SampledVectors.jl - vectors of limited capacity and unlimited logical length

Hello, everyone. I want to announce a simple and handy package - SampledVectors.jl. SampledVector is of limited capacity, but has unlimited logical length. If a new element pushed leads to the vector exceeding its maximum capacity, automatical downsampling will be triggered. SampledVector can be used to record metrics, such as training loss curve in machine learning.

Installation


import Pkg; Pkg.add("SampledVectors")

Sampling and Interpolation

There are 1 exported type, SampledVectors, and 3 important methods, push!, sampled and sampledindexes.


using Plots

y = [cos(x^2/900) for x in 1:100]

plot(y, label="original curve")

using SampledVectors

vector = SampledVector{Float64}(20) #20 is the capacity (maximum number of stored elements)

for yy in y

    push!(vector, yy)

end

# For visualization purposes, `sampled(vector)` would be enough when the vector is set at proper capacity.

# And it runs fast.

plot!(collect(sampledindexes(vector)), sampled(vector), color="gray", label="sampling points")
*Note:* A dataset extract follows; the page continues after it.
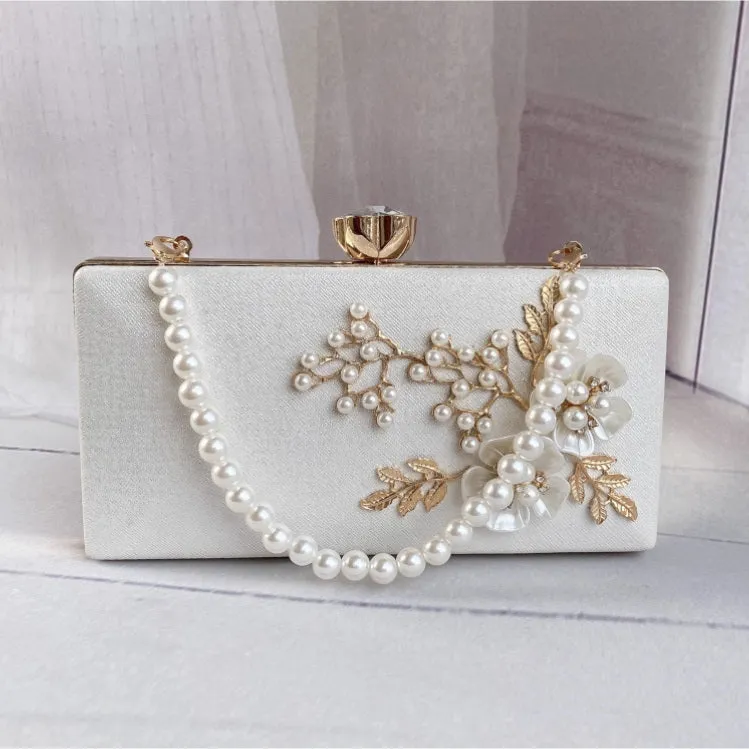 Chinese Style Pearl Floral Decoration Evening Bag with Pearls Chain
scatter!(collect(sampledindexes(vector)), sampled(vector), color="gray", label=nothing)

# `collect(vector)` can be seen as an interpolation result, but its length may be very large.
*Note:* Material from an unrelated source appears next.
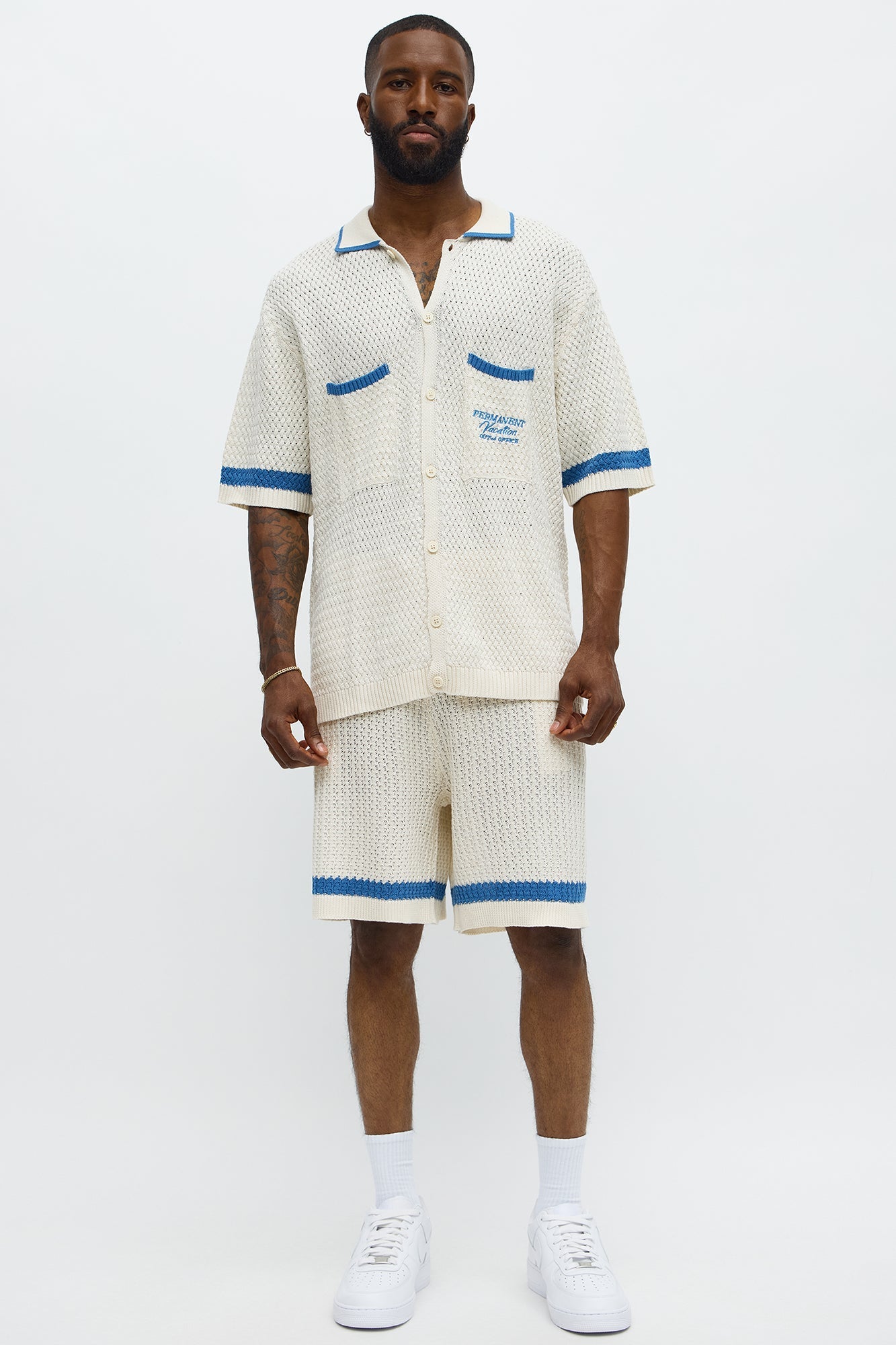 Relaxed Fit Margarita Button Up Shirt - White/Blue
@assert length(collect(vector)) == length(y)

plot!(collect(vector), linestyle=:dash, label="basic interpolation")

# We can also use the package `Interpolations` to get a better result.

using Interpolations

sx = 1:step(vector):length(vector)

sy = sampled(vector)[1:length(sx)] #The last point may be lost

itp_cubic = CubicSplineInterpolation(sx, sy, extrapolation_bc=Line())

plot!(1:100, itp_cubic.(1:100), linestyle=:dash, label="better interpolation")

plot!(legend = :bottomleft)

Filtering

If the original signal contains high frequency components, an anti-aliasing filter may be required.


using Plots

y = [cos(x^2/90000)+0.6cos(0.75x) for x in 1:1000]

plot(y, label="original curve")

using SampledVectors

vector = SampledVector{Float64}(200)

for yy in y

    push!(vector, yy)

end

# Aliasing occurs

plot!(collect(sampledindexes(vector)), sampled(vector), color="gray", label="sampled & unfiltered")

scatter!(collect(sampledindexes(vector)), sampled(vector), color="gray", label=nothing)

using DSP

using OnlineStats

# In order to prevent aliasing, the original signal should be removed of its high-frequency components before pushed.

# Here, a moving window is used to implement an online filter.

kernel = digitalfilter(Lowpass(0.1), FIRWindow(hanning(25)))

window = MovingWindow(Float64, length(kernel))

fit!(window, repeat([0.], length(kernel))) #zero padding

vector2 = SampledVector{Float64}(200)

for yy in y

    fit!(window, yy)

    push!(vector2, kernel'value(window))

end

plot!(collect(sampledindexes(vector2)), sampled(vector2), color="orange", label="sampled & online filtered")

scatter!(collect(sampledindexes(vector2)), sampled(vector2), color="orange", label=nothing)

# Let's plot the output of the offline filter for comparison.

plot!(filt(kernel, y), color="red", label="unsampled & filtered")

plot!(legend = :bottomleft)


THANKS

5 Likes

So what’s the difference with good old CircularBuffer from DataStructures?

In CircularBuffer, new items will overwrite the oldest items. But in SampledVector, the items will be sampled uniformly. The overall shape of the curve is preserved, not just the latest segment. In fact, the first pushed point will never be deleted in SampledVector.

1 Like